A plot of temperature versus time and depth. Five cryogen pulses result in epidermal cooling. Thermal heating of the upper dermis is achieved.

Figure 4 shows the damage profile predicted by the kinetic thermal damage model on a log scale as a function of depth along the center of the treatment spot. Thus, the modeling predicts that the combination of DCD cooling and a 1450-nm laser can be used to achieve thermal damage that peaks around a depth of 150 to 200 μm while minimizing the damage in the epidermis and in the deeper dermis. The results predicted through modeling only give qualitative trends and should not be used in inferring quantitative numbers for thermal damage.

Figure 4

A plot of thermal damage versus depth with laser and cryogen cooling.

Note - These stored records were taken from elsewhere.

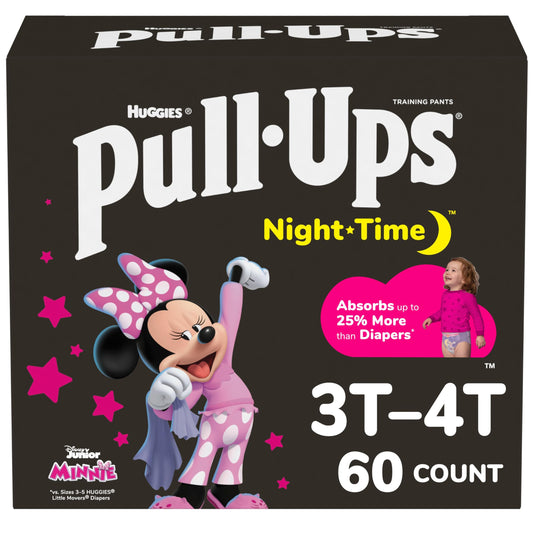 Pull-Ups Girls' Nighttime Potty Training Pants, Training Underwear, 2T-3T (16-34 lbs), 68 Ct, Packaging May Vary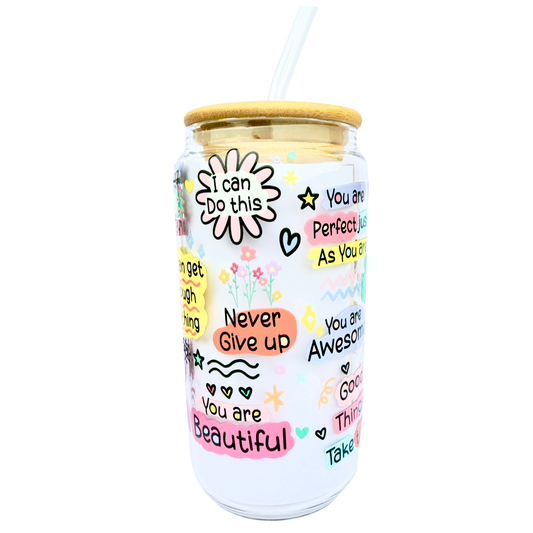 Cup of Positivity – Glass Tumbler with Bamboo Lid & Glass Straw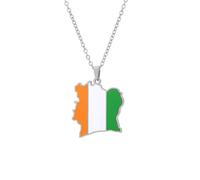 For Ivory Coast Stainless Steel Map Pendant Necklaces Map Jewelry Gold Color Items for Bridal Women Man Party Gifts Earrings Sets Round Ball Jewelry (Model 2)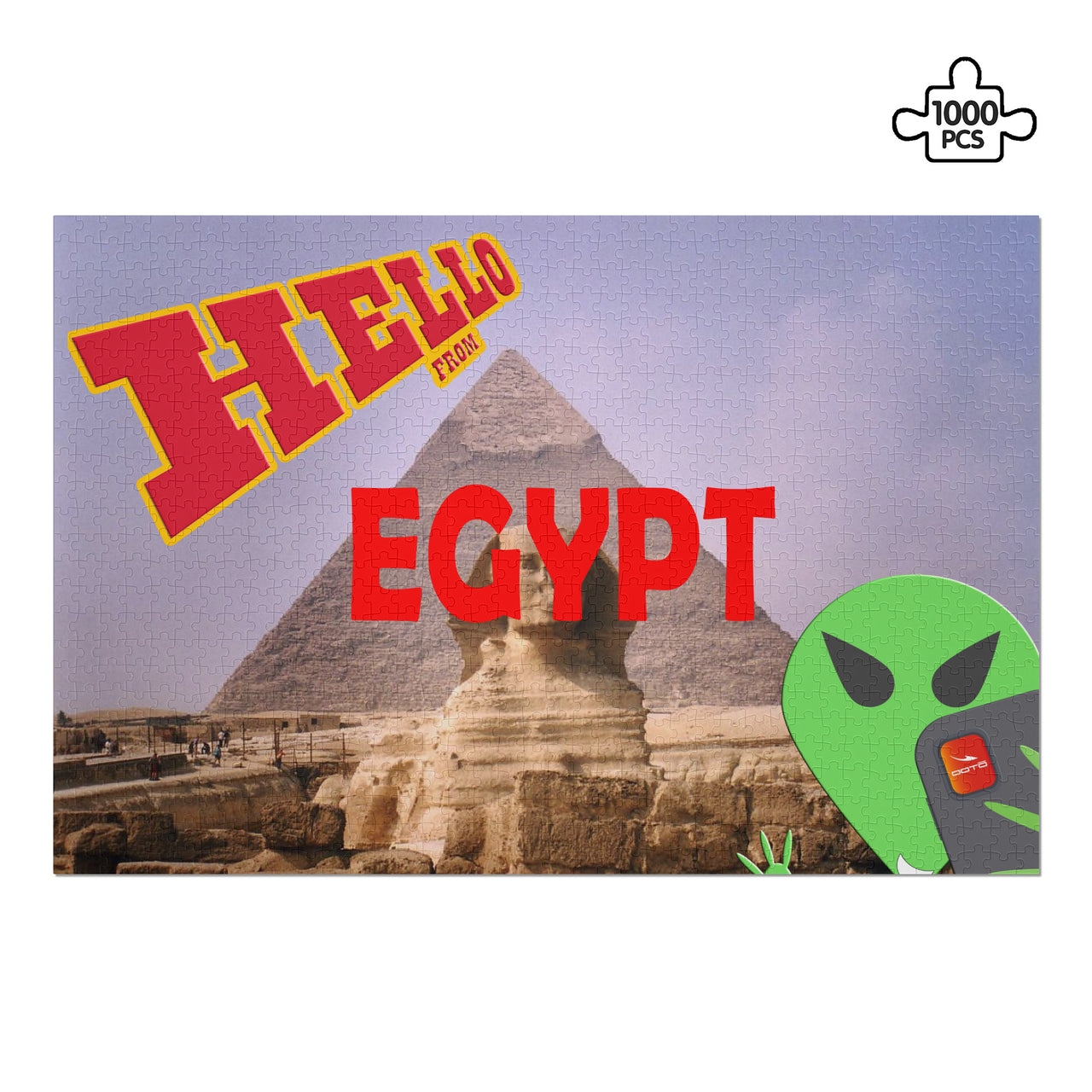 OOTO - AL POSTCARD SELFIE - HELLO FROM EGYPT - PUZZLE_H2 Chipboard Jigsaw Puzzle (1000-Piece)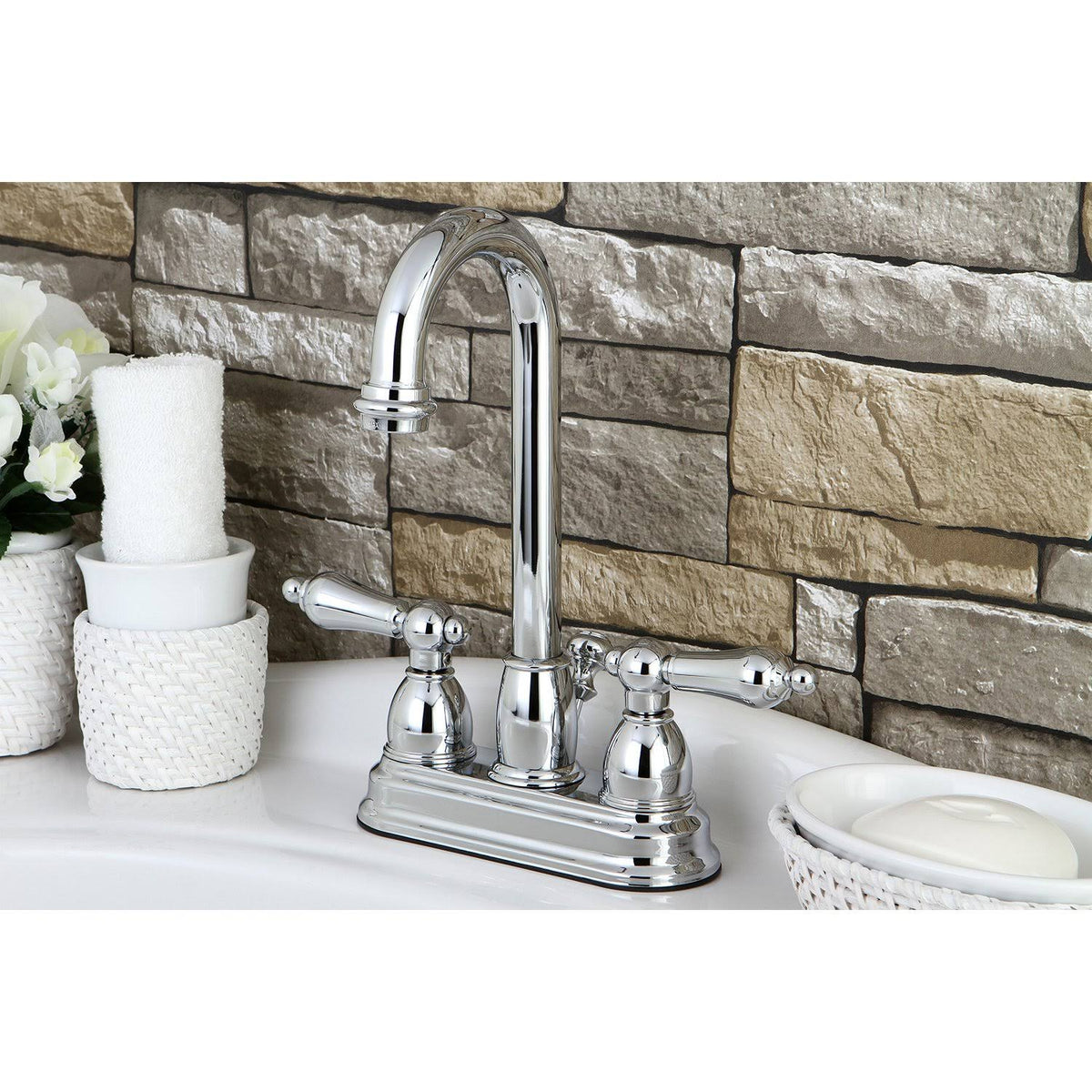 Two Handle Centerset Lavatory Faucet with Pop-Up Polished Brass A64766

To understand the effect of lasing alone, another heat transfer calculation was performed in which no cryogen cooling was applied. The thermal damage profile versus depth is shown in Fig. 5. As can be seen, thermal damage starts from the top layer of the skin and extends to a depth of about 400 μm from the top.

Figure 5

A plot of thermal damage versus depth after laser treatment without any cryogen cooling.

3.2.

Ex Vivo Histology

Figure 6 shows a biopsy of an area treated with a fluence of 20 J/cm ² without any cryogen spray cooling. The photograph shows in the same sample both an untreated area and a treated area. In the treated area, epidermal separation from the dermis is seen. Thermal damage in the dermis is seen and the profile parallels the results of the thermal damage calculations presented in Fig. 5. Figure 7 shows a biopsy for treatment with a radiant exposure of 20.6 J/cm ², a 10-ms prelaser spray, an intermediate spray consisting of three sprays of 5 ms each, and a postlaser spray of 15 ms. Again, epidermal preservation and selective damage to the upper dermis are seen. This provides the proof of principle that epidermal preservation and thermal injury to the upper dermis are indeed possible. The typical laser radiant exposure values used in nonablative treatment of subjects as discussed later are lower than the values used in demonstrating the histology and hence created a milder thermal injury.

Figure 6

Histological section of ex vivo human skin immediately after treatment with laser alone (H&E). Epidermal separation and thermal damage to the epidermis and upper dermis are seen. On the right, normal skin in the untreated area is seen. Scale bar: 100 μm.

Figure 7

Histological section of ex vivo human skin immediately after laser and DCD treatment (H&E). Epidermal preservation and thermal damage to the upper dermis can be seen. Scale bar: 100 μm.

3.3.

Preliminary Clinical Study

In the phase I study, biopsies showed acute mild residual thermal damage (RTD) in the dermis that extended from 150 to 400 μm subjacent to the epidermis, which is the zone where most solar elastosis resides. As seen in Fig. 8, dermal collagen exhibited a zone of slightly basophilic tinctorial changes (the superficial and deep limits of the changes are indicated by the large arrows). The small arrows show elongation of nuclei with thermal damage. Biopsies from two months after treatment showed fibroplasia extending over a range of depths similar to the acute RTD zones as shown in Fig. 9. The arrows demarcate the zone of fibroplasias. In the phase II study, assessment of before and after photographs by a set of blinded observers showed that there was statistically significant wrinkle reduction of 0.35 (p=0.007, <0.01) on the treated side whereas there was an increase of 0.05 (p=0.68) on the control side. The side effects were limited to erythema and edema that did not exceed two days, while the pain reported was tolerable.

Figure 8

Immediate post-treatment biopsy demonstrating a band of dermal heat effect (H&E, 40×) . The small arrows show elongation of nuclei with thermal damage. The large arrows demarcate superficial and deep boundaries of the heat effect. Scale bar: 100 μm.

Figure 9

Two months post-treatment biopsy demonstrating band of dermal fibrosis (H&E, 40×) . The arrows demarcate superficial and deep boundaries of fibrosis zone. Scale bar: 100 μm.